# Canadian vs. US Terms



## CaroleNF (25 Aug 2000)

I‘m looking for some examples of Canadian vs. US military terms, e.g. recce - recon, and other things that are roughly equivalent but are called by different names.


----------



## Michael Dorosh (25 Aug 2000)

For what period?

In World War Two it was a lot more diverse.

Modern examples include

GOC - General Officer Commanding (Canadian)
Commanding General (US)

OC - Officer Commanding  (Canadian term for officer in charge of a company)
Company Commander (US)

The US had armoured battalions, we call an armoured unit of the same size a "regiment".  A US armoured battalion is made up of companies, our "regiments" are made up of "squadrons".

Canadians abbreviate Private as PTE, Americans do it as PVT.

There are many others.  What kind of project are you working on?


----------



## CaroleNF (26 Aug 2000)

I‘m interested in contemporary terms.  Why I‘m asking is, I have a son in the Canadian Army Reserves, and had a letter from a relative who‘s in the US military, asking "how‘s the family GI?" He wondered if they were called GI‘s in Canada.  Before replying I started thinking that there are probably many instances of the same things being referred to by different terms, that he might find interesting.  I seem to remember seeing a posting/article somewhere a few weeks ago, mentioning "Leftenant-Lootenant", "Iltis-Hummer" and some other items relating to military equipment, practices, titles, etc.  But I can‘t find that posting now.

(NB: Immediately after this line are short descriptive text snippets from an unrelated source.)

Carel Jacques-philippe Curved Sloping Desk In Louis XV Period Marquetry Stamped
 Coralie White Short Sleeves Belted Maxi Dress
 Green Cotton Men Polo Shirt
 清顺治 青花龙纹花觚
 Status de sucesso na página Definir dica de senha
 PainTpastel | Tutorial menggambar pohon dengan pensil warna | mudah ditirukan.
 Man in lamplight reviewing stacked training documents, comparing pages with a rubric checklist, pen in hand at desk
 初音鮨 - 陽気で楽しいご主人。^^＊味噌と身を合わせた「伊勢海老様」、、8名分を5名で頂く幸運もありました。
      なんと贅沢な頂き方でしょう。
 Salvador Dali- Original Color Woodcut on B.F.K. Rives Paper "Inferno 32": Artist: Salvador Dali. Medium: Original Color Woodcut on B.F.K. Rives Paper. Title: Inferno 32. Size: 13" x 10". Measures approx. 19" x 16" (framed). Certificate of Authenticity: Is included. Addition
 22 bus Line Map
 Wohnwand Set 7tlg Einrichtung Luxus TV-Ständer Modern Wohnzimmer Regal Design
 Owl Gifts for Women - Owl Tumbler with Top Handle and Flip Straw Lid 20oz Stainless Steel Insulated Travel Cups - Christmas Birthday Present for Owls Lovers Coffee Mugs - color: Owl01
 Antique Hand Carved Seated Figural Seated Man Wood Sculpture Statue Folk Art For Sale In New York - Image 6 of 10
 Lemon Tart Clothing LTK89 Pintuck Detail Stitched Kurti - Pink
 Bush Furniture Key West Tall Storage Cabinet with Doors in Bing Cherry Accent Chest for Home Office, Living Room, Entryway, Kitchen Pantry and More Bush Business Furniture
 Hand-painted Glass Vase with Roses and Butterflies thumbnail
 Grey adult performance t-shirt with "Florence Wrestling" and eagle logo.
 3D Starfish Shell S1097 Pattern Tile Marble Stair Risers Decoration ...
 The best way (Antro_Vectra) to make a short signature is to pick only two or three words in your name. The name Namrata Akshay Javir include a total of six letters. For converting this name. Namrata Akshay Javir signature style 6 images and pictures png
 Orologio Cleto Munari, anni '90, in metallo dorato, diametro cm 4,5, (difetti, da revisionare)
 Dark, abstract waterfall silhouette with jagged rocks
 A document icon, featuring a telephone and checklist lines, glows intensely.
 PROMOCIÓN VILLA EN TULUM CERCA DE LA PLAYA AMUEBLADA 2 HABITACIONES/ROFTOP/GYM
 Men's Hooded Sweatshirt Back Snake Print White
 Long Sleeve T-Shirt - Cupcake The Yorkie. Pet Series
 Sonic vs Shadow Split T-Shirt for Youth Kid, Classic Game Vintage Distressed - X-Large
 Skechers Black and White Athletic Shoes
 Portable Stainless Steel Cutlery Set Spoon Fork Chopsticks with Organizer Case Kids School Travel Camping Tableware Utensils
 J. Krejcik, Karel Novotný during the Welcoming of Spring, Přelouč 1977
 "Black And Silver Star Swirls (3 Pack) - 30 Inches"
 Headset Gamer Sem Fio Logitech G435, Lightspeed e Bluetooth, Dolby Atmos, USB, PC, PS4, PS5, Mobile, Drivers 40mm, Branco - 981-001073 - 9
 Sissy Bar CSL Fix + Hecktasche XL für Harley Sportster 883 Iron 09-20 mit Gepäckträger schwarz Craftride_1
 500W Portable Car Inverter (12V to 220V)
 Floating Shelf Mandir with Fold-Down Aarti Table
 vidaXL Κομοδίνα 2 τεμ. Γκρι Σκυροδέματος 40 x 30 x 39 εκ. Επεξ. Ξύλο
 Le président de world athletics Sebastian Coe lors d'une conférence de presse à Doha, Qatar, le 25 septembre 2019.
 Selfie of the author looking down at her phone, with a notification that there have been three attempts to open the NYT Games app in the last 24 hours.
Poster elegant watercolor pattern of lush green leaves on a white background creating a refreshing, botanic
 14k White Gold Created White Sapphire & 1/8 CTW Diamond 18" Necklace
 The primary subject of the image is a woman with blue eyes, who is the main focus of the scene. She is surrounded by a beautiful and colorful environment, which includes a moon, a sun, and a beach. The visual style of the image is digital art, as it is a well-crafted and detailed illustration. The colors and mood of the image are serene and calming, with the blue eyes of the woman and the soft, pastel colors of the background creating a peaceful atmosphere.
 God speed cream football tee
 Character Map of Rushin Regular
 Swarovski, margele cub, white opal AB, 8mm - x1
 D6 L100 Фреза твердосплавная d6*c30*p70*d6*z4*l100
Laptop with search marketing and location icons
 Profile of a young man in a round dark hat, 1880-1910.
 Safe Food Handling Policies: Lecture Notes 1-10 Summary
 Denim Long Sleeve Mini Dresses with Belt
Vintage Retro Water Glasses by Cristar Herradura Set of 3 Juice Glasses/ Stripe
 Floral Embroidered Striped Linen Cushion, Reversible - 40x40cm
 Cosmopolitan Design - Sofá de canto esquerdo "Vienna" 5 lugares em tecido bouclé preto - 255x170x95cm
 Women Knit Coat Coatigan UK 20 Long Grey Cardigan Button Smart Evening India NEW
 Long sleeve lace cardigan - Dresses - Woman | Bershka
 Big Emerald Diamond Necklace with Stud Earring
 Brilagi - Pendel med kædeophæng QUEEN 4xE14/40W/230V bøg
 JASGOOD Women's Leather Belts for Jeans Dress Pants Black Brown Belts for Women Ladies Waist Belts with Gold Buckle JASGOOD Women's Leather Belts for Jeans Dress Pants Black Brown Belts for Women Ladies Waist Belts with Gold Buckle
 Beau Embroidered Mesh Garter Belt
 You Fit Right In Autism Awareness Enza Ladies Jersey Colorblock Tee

Thanks for you reply, and I‘d like to hear if you have more to add.


----------



## RCA (28 Aug 2000)

There are numerous examples. For instance:
 We don‘t enlist we‘re recruted (Thats why we have NCMs as opposed to enlisted men. (no GI in Canada either)
 combats as opposed to fatiuges
 units not outfits
 messes as opposed to clubs

 There many more if your intrested


----------



## Michael Dorosh (29 Aug 2000)

I‘d be careful about slang - much of our slang does come from the States (the word "outfit" to describe a unit had been used in Canadian military circles for at least 60 years, though probably not nearly as commonly as in the States).  Some American slang has made its way into the Canadian military via US TV and movies - ie we call infantrymen "grunts", a term used by the US Army in Vietnam.  It‘s all part of the move away from the British influence (a move I and many don‘t like, but it is happening nonetheless).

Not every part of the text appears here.